Pope and patriarch issue deep call for unity, saying humanity depends on it

Pope Francis and Russian Orthodox Patriarch Kirill of Moscow sign a joint declaration during a meeting at Jose Marti International Airport in Havana Feb. 12. (CNS/Paul Haring)
This article appears in the Francis in Mexico feature series. View the full series.

HAVANA, CUBA — Russian Orthodox Patriarch Kirill and Roman Catholic Pope Francis have issued a deep and thorough call for reconciliation and unity amongst their two traditions, saying that the seemingly desperate state of the world requires their communities to be signs of the possibility of harmony.

In a joint statement issued after their historic first encounter on this island nation Friday, the two leaders cry out: "We are not competitors but brothers, and this concept must guide all our mutual actions as well as those directed to the outside world."

"We urge Catholics and Orthodox in all countries to learn to live together in peace and love, and to be 'in harmony with one another,'" they continue.

Later, the pope and patriarch state bluntly that the world is in need of their combined testimony to the way of the Gospel.

"This world, in which the spiritual pillars of human existence are progressively disappearing, awaits from us a compelling Christian witness in all spheres of personal and social life," state the leaders. "Much of the future of humanity will depend on our capacity to give shared witness to the Spirit of truth in these difficult times."

Francis and Kirill issued the statement Friday after concluding nearly 135 minutes of discussions in the first such meeting between a pope and a Russian patriarch after centuries of separation.

Speaking in brief remarks aboard the papal plane upon leaving Havana, the pontiff said those discussions were tantamount to "a conversation of brothers" where each "spoke with frankness" about their worries and concerns.

It was a conversation of "two bishops who spoke of the situations of their churches and the situation of the world, of the wars," said Francis.

"I spoke freely and he spoke freely," said the pope. "I felt an interior joy."

But Francis also appeared to downplay some of the more strongly worded sections of the new joint statement, saying: "It is not a political declaration ... it is a pastoral declaration."

"It is pastoral," he said. "Two bishops that have met as pastors."

In fact, the 30-paragraph statement delves into several controversial political issues, including: the continuing violence in Ukraine; persecution of Christians in the Middle East; issues of marriage and family life; and the practices of abortion and euthanasia.

Writing on the violence in Ukraine -- where the Russian Orthodox have been accused of being too supportive of the Russian government's annexation of Crimea -- the declaration states: "We deplore the hostility in Ukraine that has already caused many victims, inflicted innumerable wounds on peaceful inhabitants and thrown society into a deep economic and humanitarian crisis."

"We invite all the parts involved in the conflict to prudence, to social solidarity and to action aimed at constructing peace," it continues.

On marriage and family life issues, the statement praises marriage but also expresses somewhat obscure concerns about current marriage practices.

"We regret that other forms of cohabitation have been placed on the same level as this union, while the concept, consecrated in the biblical tradition, of paternity and maternity as the distinct vocation of man and woman in marriage is being banished from the public conscience," it states.

On abortion, the statement is quite clear. "We call on all to respect the inalienable right to life," it states. "Millions are denied the very right to be born into the world.
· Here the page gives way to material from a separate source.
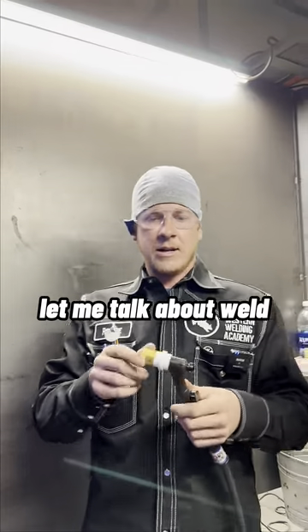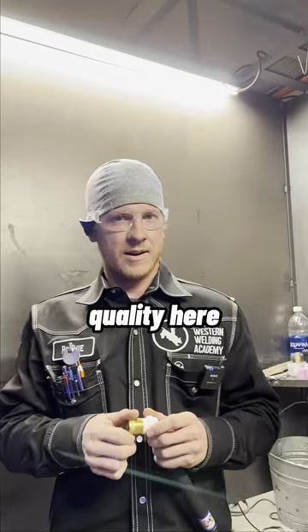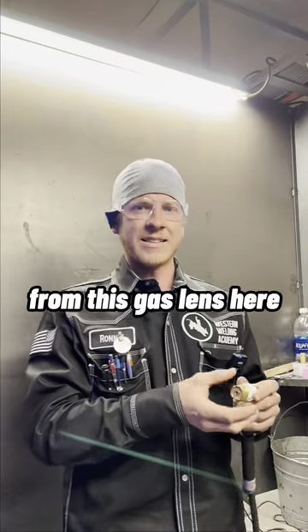All right, listen up all. Let me talk about weld quality here. So if you're welding like crap, it's generally from this gas lens here.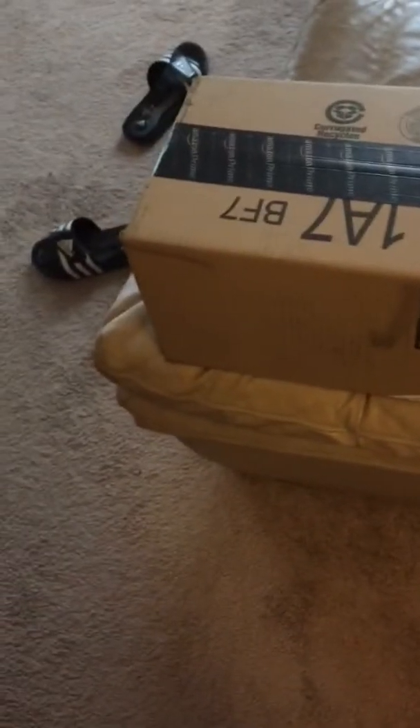All right, just received the package in the mail — excuse my shoes over there. Tuesday, February the 16th, 2:53 PM. Let's see what we have here. All right, let's see what could this be on February the 16th. I think I got a good idea. My unboxing video.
The blood of the unborn cries out to God."

The statement devotes six paragraphs to the persecution of Christians in the Middle East, calling on the international community "to act urgently" to prevent even more Christians from fleeing the region.

It also mentions the violence in Iraq and Syria, and strongly denounces terrorism and the use of religion to justify violence.

"Attempts to justify criminal acts with religious slogans are altogether unacceptable," states the declaration. "No crime may be committed in God's name."

At the beginning of their declaration, the Christian leaders write that they hope their meeting may be an example to the world.

"In a world which yearns not only for our words but also for tangible gestures, may this meeting be a sign of hope for all people of goodwill!"

Speaking of the changes facing humanity, Francis and Kirill write: "Human civilization has entered into a period of epochal change."

"Our Christian conscience and our pastoral responsibility compel us not to remain passive in the face of challenges requiring a shared response," they state.